Segundo a publicação, o movimento de Trump, Make America Great Again, o Maga, está ‘intimamente alinhado’ com a direita brasileira, mas lembra que o presidente norte-americano ‘não disse quase nada sobre o Brasil desde que assumiu o cargo’.

‘Em parte, isso pode ser porque o Brasil se beneficia de algo que nenhuma outra grande economia emergente tem: um enorme deficit comercial com os Estados Unidos, que chega a US$ 30 bilhões por ano. Trump certamente gosta quando outros países compram mais dos Estados Unidos do que vendem para ele. Mas seu silêncio também pode ser porque o Brasil, relativamente distante e geopoliticamente inerte, simplesmente não importa tanto quando se trata de questões de guerra na Ucrânia ou no Oriente Médio. Lula deveria parar de fingir que importa e se concentrar em questões mais próximas’, conclui o artigo.

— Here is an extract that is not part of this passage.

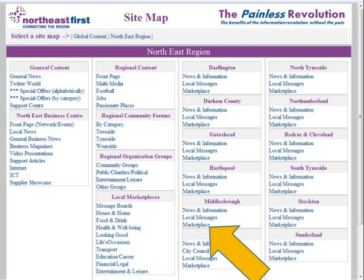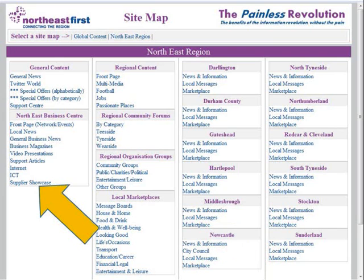In this example we're showing Middlesbrough, but it could be any of the 12 locations — each have their own unique marketplace areas. For the sake of our example, we're going to select a showcase area, which is for the whole North East business community.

Ao citar os US$ 30 bilhões em deficit, a Economist parece ter cometido um equívoco. O Brasil realmente tem um histórico de mais comprar do que vender para os Estados Unidos, mas o maior saldo negativo da série histórica foi de US$ 13,9 bilhões, registrado em 2022. Em 2024, essa cifra foi menor: US$ 253 milhões. Os dados podem ser acessados no site do Ministério da Indústria.